*Excerpted data*.
━━━━━━

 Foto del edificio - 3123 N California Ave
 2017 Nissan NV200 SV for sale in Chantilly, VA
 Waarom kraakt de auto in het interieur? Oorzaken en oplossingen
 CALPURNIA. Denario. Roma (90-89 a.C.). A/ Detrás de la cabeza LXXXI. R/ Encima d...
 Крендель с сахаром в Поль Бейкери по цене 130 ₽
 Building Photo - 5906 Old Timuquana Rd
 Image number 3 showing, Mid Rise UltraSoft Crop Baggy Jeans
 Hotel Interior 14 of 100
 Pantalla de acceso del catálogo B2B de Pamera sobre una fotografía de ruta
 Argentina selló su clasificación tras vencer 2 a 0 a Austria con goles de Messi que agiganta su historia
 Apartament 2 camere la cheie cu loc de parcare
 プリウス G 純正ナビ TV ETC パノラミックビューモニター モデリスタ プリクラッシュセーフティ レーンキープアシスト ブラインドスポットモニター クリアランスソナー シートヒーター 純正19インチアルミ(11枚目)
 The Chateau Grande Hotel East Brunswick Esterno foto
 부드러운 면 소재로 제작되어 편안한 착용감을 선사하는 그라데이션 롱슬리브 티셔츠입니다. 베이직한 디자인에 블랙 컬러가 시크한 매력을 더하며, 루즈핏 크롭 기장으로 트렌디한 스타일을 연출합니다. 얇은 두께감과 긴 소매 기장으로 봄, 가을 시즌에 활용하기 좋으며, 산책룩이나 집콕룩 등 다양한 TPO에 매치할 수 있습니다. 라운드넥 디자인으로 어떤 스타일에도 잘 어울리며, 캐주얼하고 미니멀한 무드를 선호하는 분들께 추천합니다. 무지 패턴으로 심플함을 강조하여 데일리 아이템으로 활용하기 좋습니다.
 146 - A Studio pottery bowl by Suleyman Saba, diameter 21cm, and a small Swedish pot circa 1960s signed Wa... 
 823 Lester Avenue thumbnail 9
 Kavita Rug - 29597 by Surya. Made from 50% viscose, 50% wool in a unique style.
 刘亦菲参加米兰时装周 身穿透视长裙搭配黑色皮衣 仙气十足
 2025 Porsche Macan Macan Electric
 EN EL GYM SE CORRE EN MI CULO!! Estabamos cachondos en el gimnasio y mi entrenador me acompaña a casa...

━━━━━━

*About this exercise*. Once you have counted the lines of the material that include "Hotel", give only that number.

*Result of this exercise*. 2